Sobre a Opacidade Mestre
Opacidade mestre é definida pela barra percentual na parte inferior da janela "Peenchimento e Traço". Ela funciona exatamente como o canal alfa que já vimos, mas se aplica ao elemento como um todo. Se houver um gradiente, a opacidade de todo o gradiente será reduzida com a redução da opacidade mestre, o mesmo vale para todo tipo de preenchimento.
Tanto o preenchimento quanto a borda de um elemento podem ter sua opacidade definidas de forma independente, mas temos um resultado diferente quando aplicamos opacidade mestre em lugar de usar o canal alfa de cada parte do elemento. Perceba o exemplo:
Desfocagem?
Um dos grandes benefícios das imagens vetoriais é garantir boa definição dos desenhos em qualquer caso. Você sempre tem uma idéia clara dos limites dos elementos.

Contudo, em alguns casos, é interessante ter um elemento desfocado, borrado, com limites diluidos. A grande importância da desfocagem é permitir desenhos fotorealistas em SVG, mas também pode ser bastante útil para outros casos.
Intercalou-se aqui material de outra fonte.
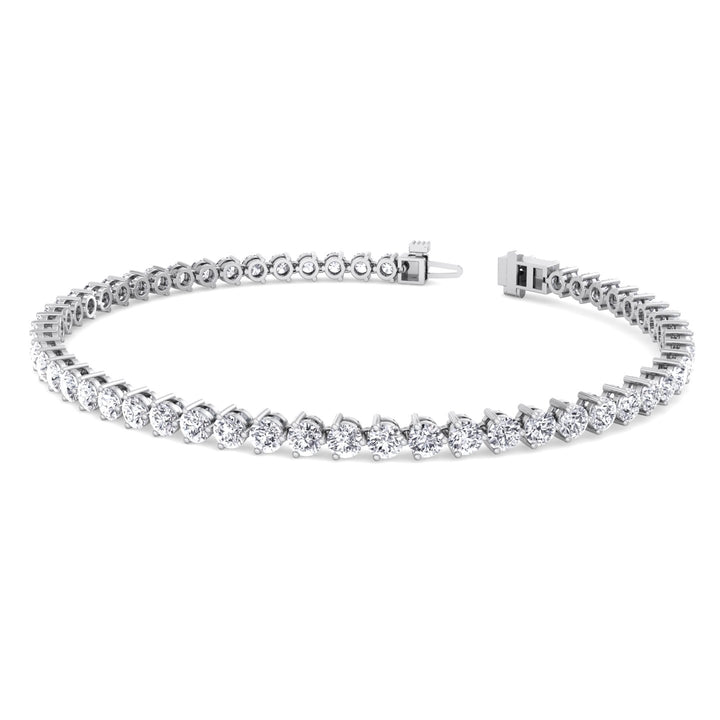 3-Prong Natural Diamond Tennis Bracelet-Martini White, Open Clasp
No exemplo ao lado temos duas estrelas com sombra, mas na segunda sombra foi adcionada desfocagem, o que torna a sombra um tanto mais natural. Muito mais pode ser conseguido com esse filtro. Veja o que foi criado no
Concurso de criação da "Janela Sobre" do Inkscape 0.45, cujo foco era demonstrar o uso deste filtro. Teste-o modificando o valor do campo "Borrado" na janela "Peenchimento e Traço".